#### [Assigned task]
Reproduce exactly, and solely, the lines running from the top of the data below through the line with "und von AKOOSY", both inclusive. Omit pictures.

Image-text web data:
■ ■ ■ ■ ■
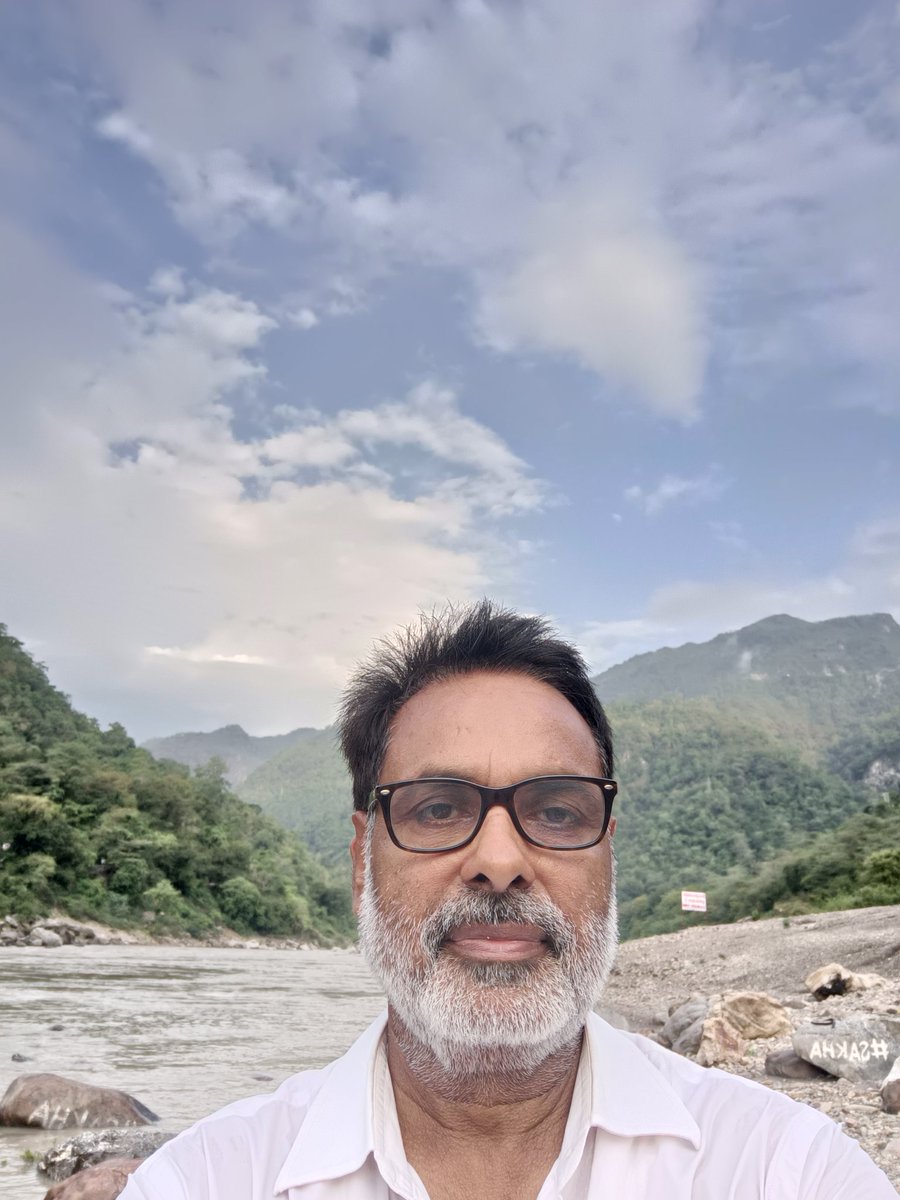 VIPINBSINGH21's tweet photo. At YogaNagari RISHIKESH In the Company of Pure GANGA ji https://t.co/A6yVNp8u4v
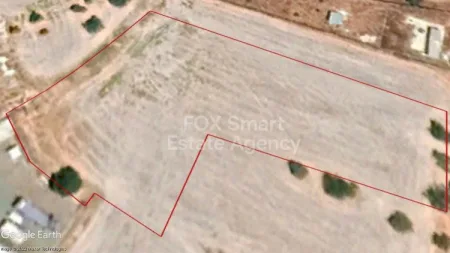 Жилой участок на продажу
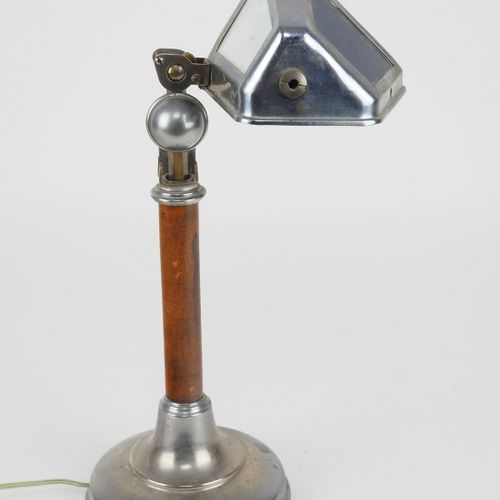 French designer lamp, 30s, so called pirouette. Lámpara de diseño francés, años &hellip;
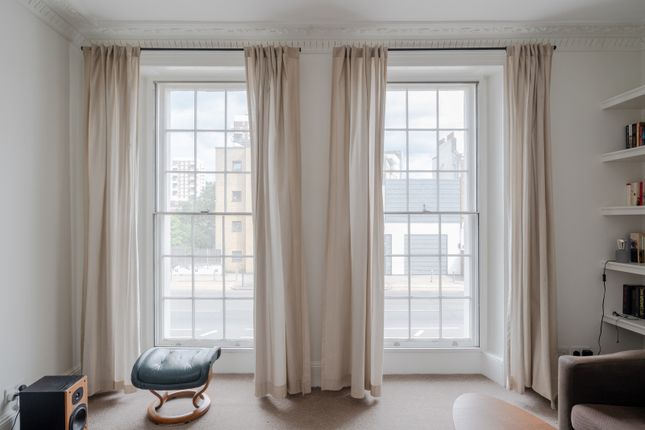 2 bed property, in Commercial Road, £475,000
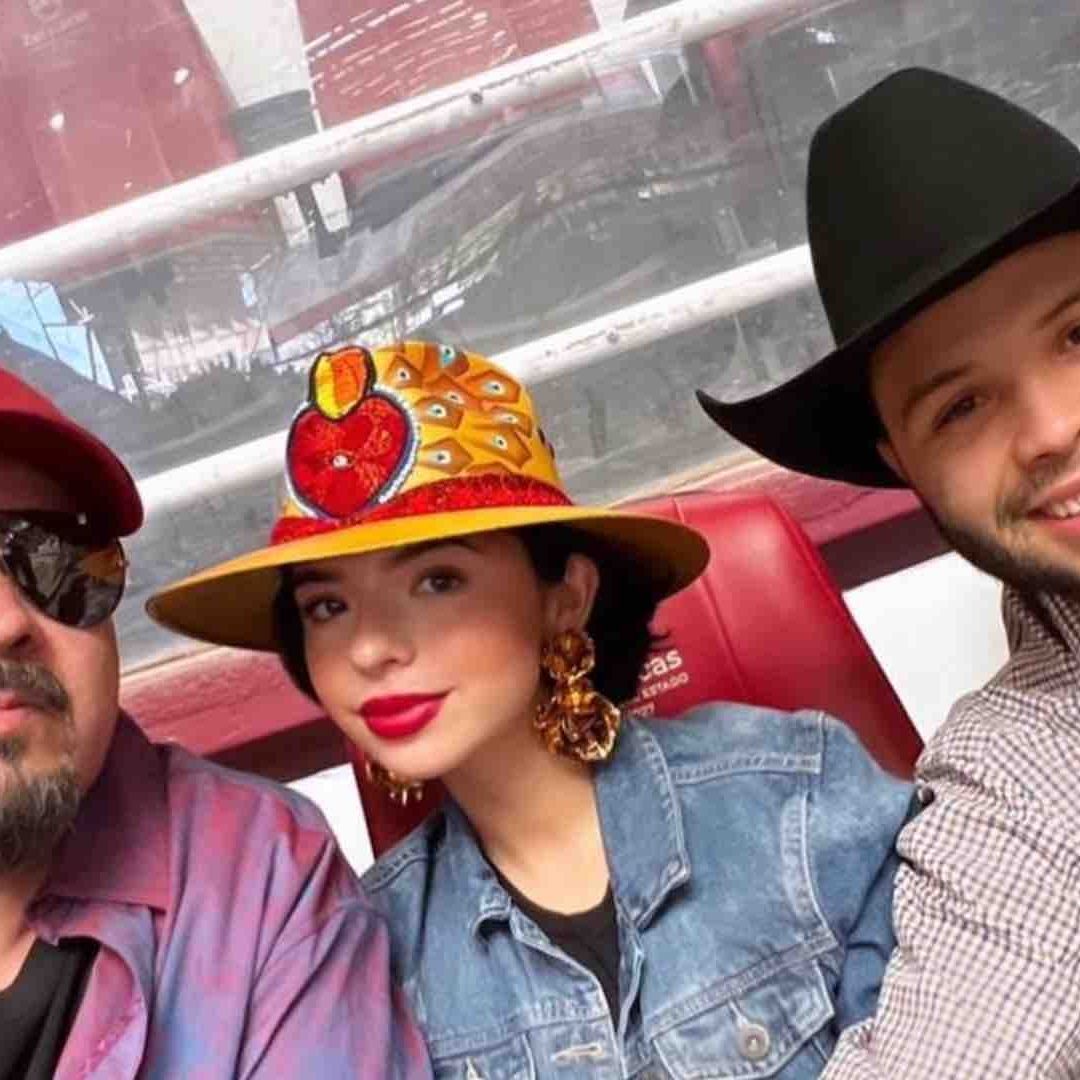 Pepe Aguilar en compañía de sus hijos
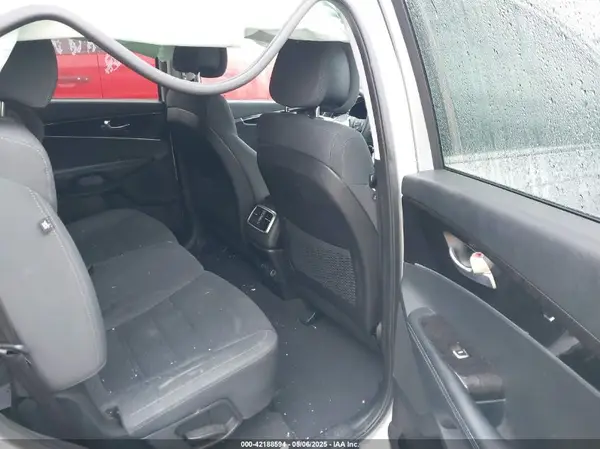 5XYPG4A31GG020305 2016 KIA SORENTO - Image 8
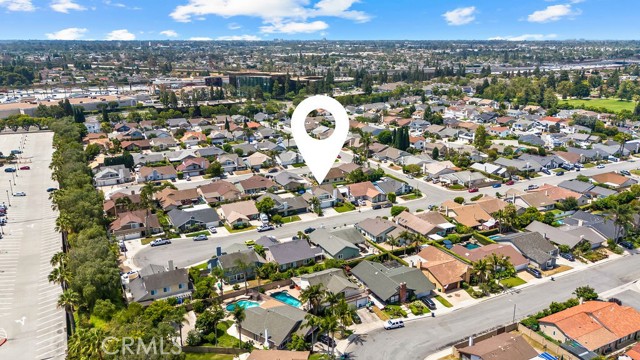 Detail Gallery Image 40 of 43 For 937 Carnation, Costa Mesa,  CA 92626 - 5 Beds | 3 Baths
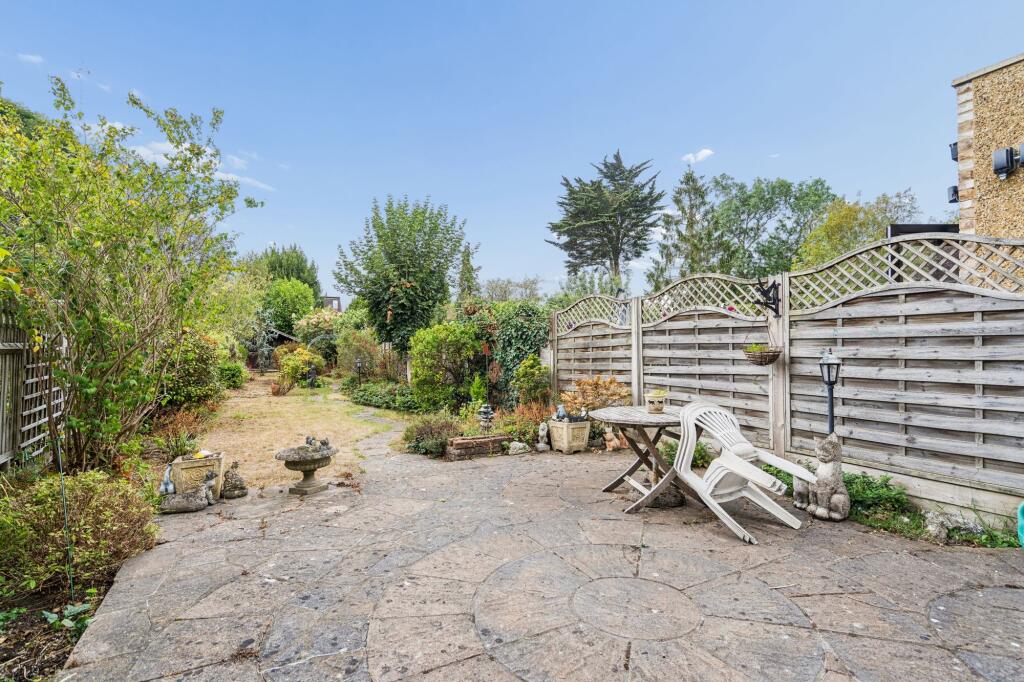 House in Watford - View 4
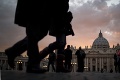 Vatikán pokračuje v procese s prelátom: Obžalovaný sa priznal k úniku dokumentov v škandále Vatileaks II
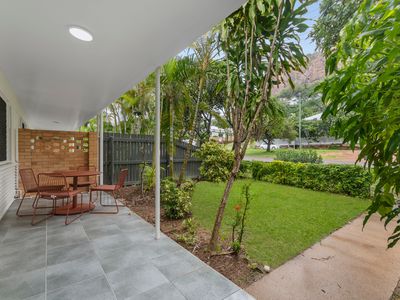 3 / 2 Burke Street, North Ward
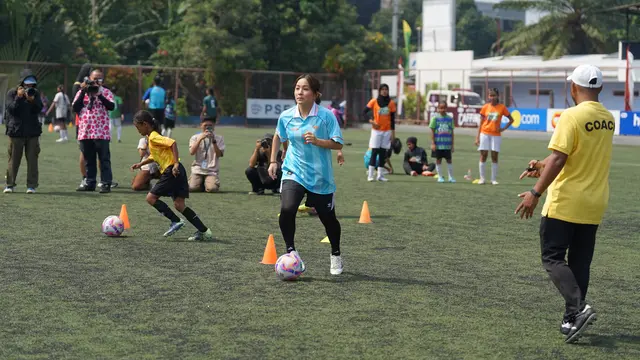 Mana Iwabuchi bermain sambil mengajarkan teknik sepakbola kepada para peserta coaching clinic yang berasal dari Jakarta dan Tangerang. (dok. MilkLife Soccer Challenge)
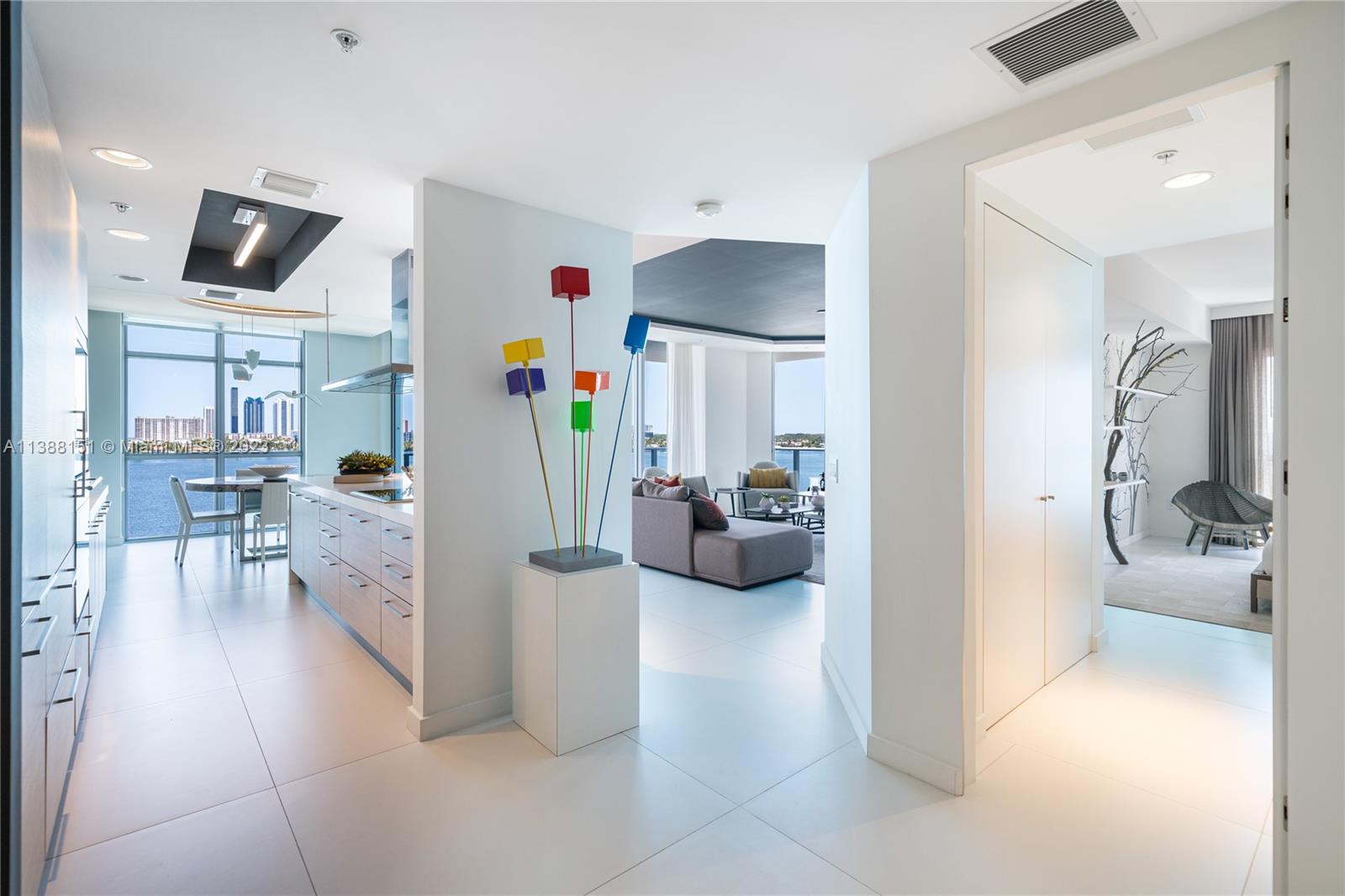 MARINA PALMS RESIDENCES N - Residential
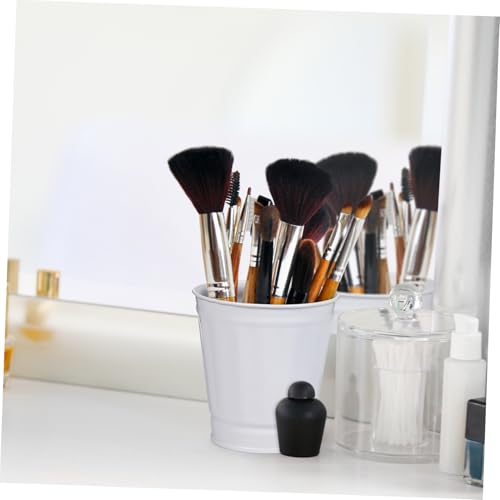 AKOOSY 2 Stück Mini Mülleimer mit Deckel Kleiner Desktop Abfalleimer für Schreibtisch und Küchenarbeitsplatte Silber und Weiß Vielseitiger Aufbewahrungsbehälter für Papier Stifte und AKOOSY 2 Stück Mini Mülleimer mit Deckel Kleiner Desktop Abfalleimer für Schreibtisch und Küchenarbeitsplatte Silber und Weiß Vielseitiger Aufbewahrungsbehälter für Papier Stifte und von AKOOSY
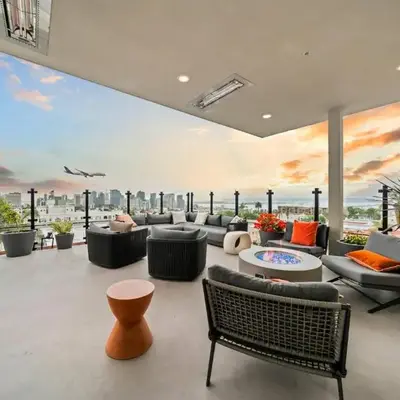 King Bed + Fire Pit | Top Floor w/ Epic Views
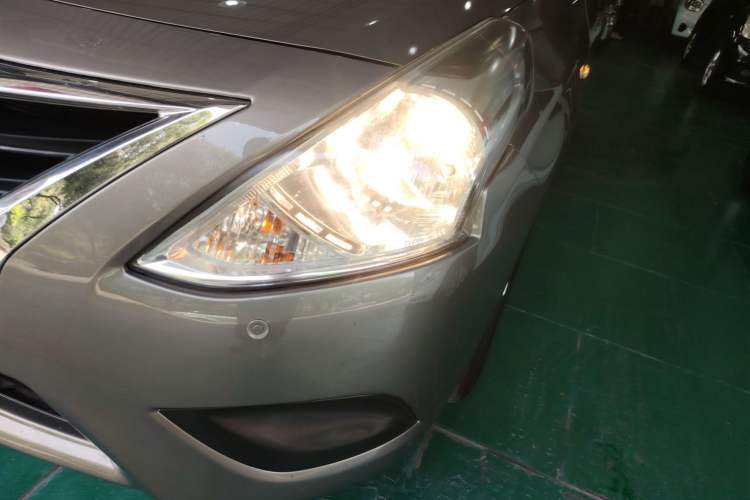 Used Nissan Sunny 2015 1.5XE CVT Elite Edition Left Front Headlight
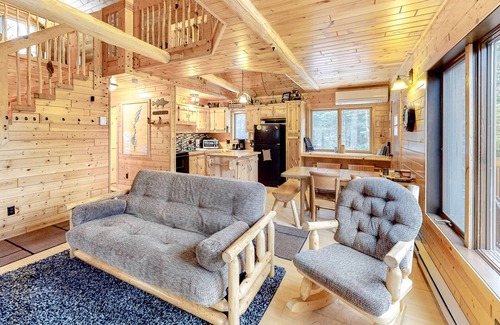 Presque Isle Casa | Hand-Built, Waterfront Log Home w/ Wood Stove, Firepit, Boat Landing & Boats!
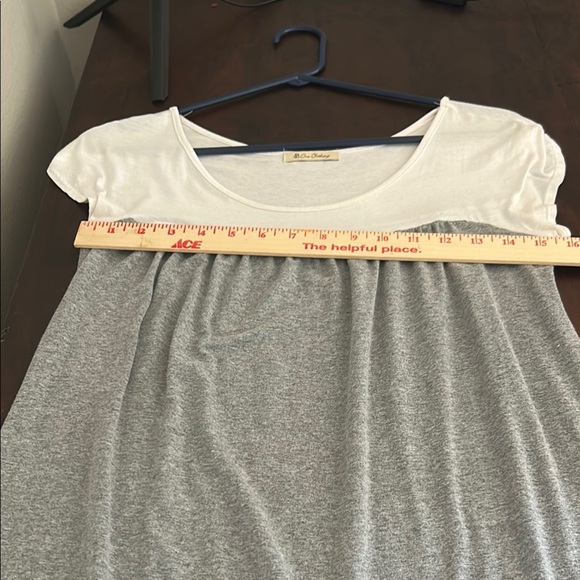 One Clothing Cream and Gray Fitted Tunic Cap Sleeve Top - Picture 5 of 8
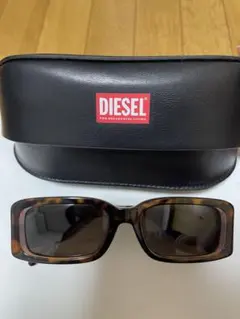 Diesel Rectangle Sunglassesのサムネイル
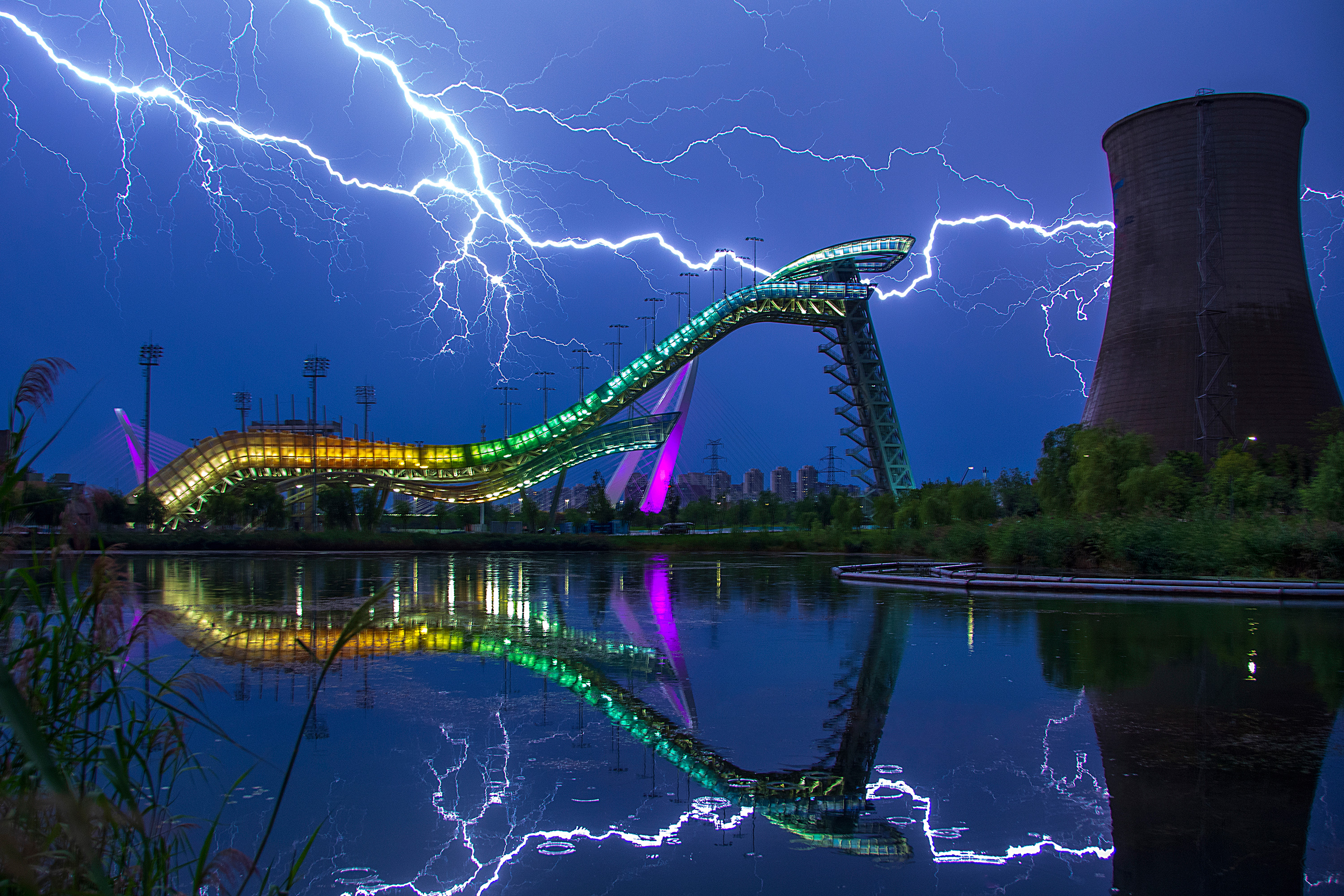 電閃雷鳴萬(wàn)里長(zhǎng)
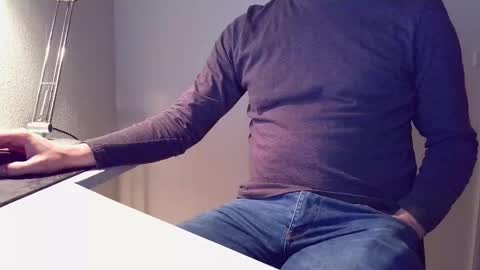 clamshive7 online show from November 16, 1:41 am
■ ■ ■ ■ ■
#### [Result of the task]
 VIPINBSINGH21's tweet photo. At YogaNagari RISHIKESH In the Company of Pure GANGA ji https://t.co/A6yVNp8u4v
 Жилой участок на продажу
 French designer lamp, 30s, so called pirouette. Lámpara de diseño francés, años &hellip;
 2 bed property, in Commercial Road, £475,000
 Pepe Aguilar en compañía de sus hijos
 5XYPG4A31GG020305 2016 KIA SORENTO - Image 8
 Detail Gallery Image 40 of 43 For 937 Carnation, Costa Mesa,  CA 92626 - 5 Beds | 3 Baths
 House in Watford - View 4
 Vatikán pokračuje v procese s prelátom: Obžalovaný sa priznal k úniku dokumentov v škandále Vatileaks II
 3 / 2 Burke Street, North Ward
 Mana Iwabuchi bermain sambil mengajarkan teknik sepakbola kepada para peserta coaching clinic yang berasal dari Jakarta dan Tangerang. (dok. MilkLife Soccer Challenge)
 MARINA PALMS RESIDENCES N - Residential
 AKOOSY 2 Stück Mini Mülleimer mit Deckel Kleiner Desktop Abfalleimer für Schreibtisch und Küchenarbeitsplatte Silber und Weiß Vielseitiger Aufbewahrungsbehälter für Papier Stifte und AKOOSY 2 Stück Mini Mülleimer mit Deckel Kleiner Desktop Abfalleimer für Schreibtisch und Küchenarbeitsplatte Silber und Weiß Vielseitiger Aufbewahrungsbehälter für Papier Stifte und von AKOOSY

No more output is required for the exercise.